Every year since 1985 there has been a Pulitzer prize awarded for Investigative Reporting. It’s an award given out to highly prescient stories about our world, government, and their peoples. It is, as one would imagine, a difficult award to give out — there are oodles of great journalists doing fine and incredibly important work all over, all the time. This year, however, there will be a new submission that most won’t expect.
And that submission will come from yours truly…about Ryan Mountcastle and the architectural structure known as a castle.
Most are likely unfamiliar with Ryan Mountcastle, and to those people, I say 1) yes, his name really is that sick and 2) he’s one of the sneakier power bats in the league. He may not be sneaky for long after last night’s game, in which he had 9 RBI’s and two home runs (one of them a grand slam).
But instead of analyzing his swing metrics, or struggles with hitting low and inside pitches or whatever, we will be going on a journey to decide which famous castle — both fictional and non-fictional — best describes him.
With a name like Mountcastle, how can you not?

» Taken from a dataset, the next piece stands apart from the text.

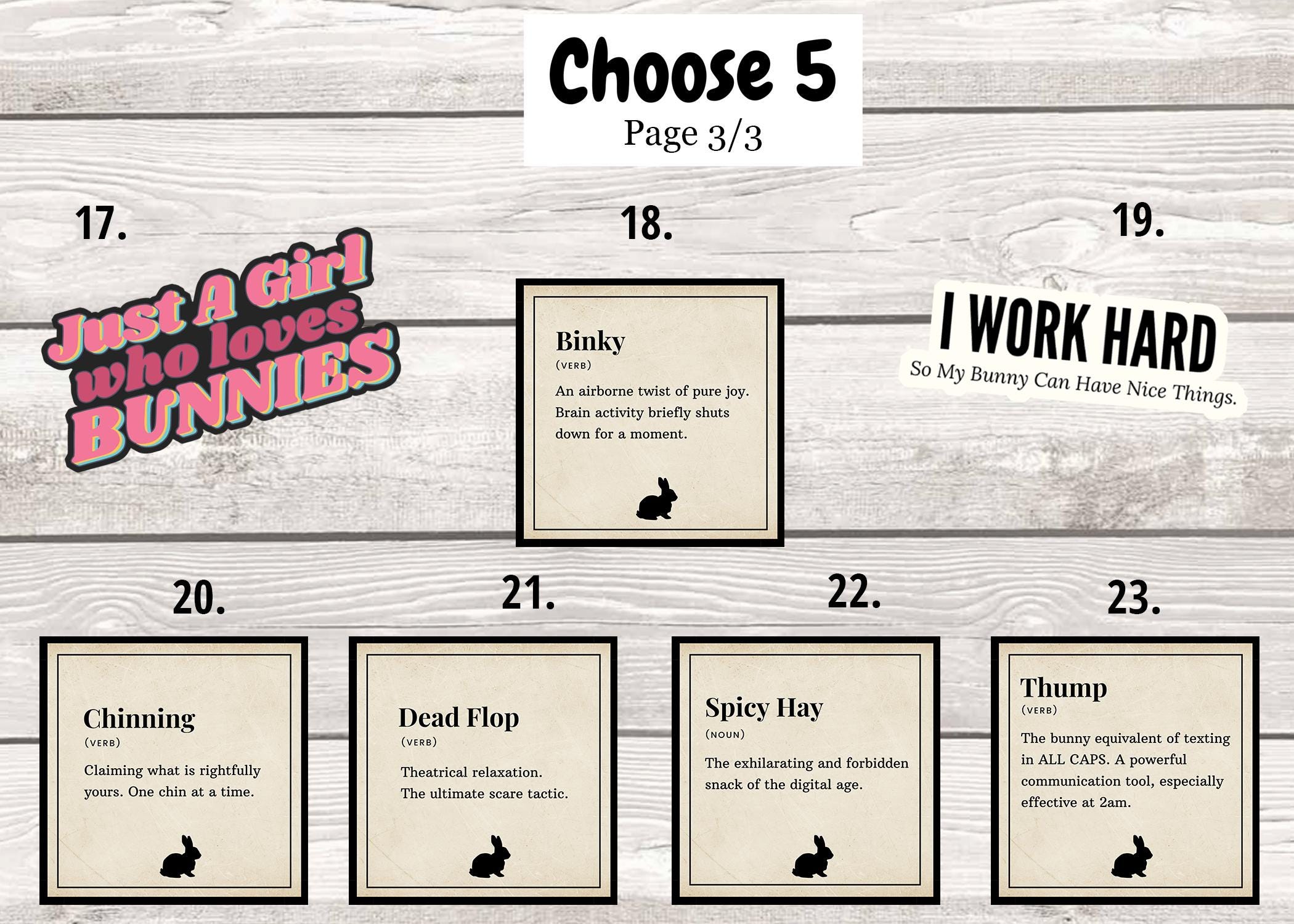 5-Pack Bunny Stickers: 5 Waterproof Rabbit Decals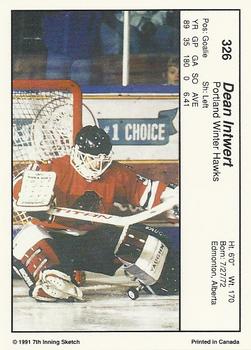 1990-91 7th Inning Sketch WHL #326 Dean Intwert Back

The Edinburgh, Doorwerth, and Many Other Real-Life Castles
Okay, so, here’s the thing, we’re starting off this investigation by confessing that I lied. We’ll be focusing on fictional castles. Why? Because the sport of baseball has enough nerds lurking in it, and we’re not about to add some historical dorkiness to it, too. I’m sure that the many finely-crafted castles that exist in our world — including the one where The Mouse resides — have some great stories.
But I don’t like reading. A strange trait for a writer, I know. Mr. Mountcastle deserves more than a textbook recitation of a castle headed by some king that was likely extremely evil and treated women poorly and drank wine in the throne room a lot or whatever.
Castle Doom – Marvel Comics
Doctor Doom absolutely rules. We don’t have time to explain all the reasons why (comic books are wild), but I’ll just leave you with the fact that he’s super smart, strong-willed, and constantly refers to himself in the 3rd person. His often place of residence is the eponymous Castle Doom, which features a whole lot of robots at his command and gadgets and gizmos to keep basically anyone out.
And in the Marvel universe that features folks who can walk through walls or throw tanks with their arms, that’s pretty impressive.
But Mountcastle isn’t like Doom. He’s still a flawed player, striking out a whole bunch and still working to improve his approach at the plate. Plus, Doom is a supervillain — something that, currently, Mountcastle hardly exhibits any signs of being. He doesn’t even have a sports-villian side to him like the 2017 Astros or Dillon Brooks of the Memphis Grizzlies.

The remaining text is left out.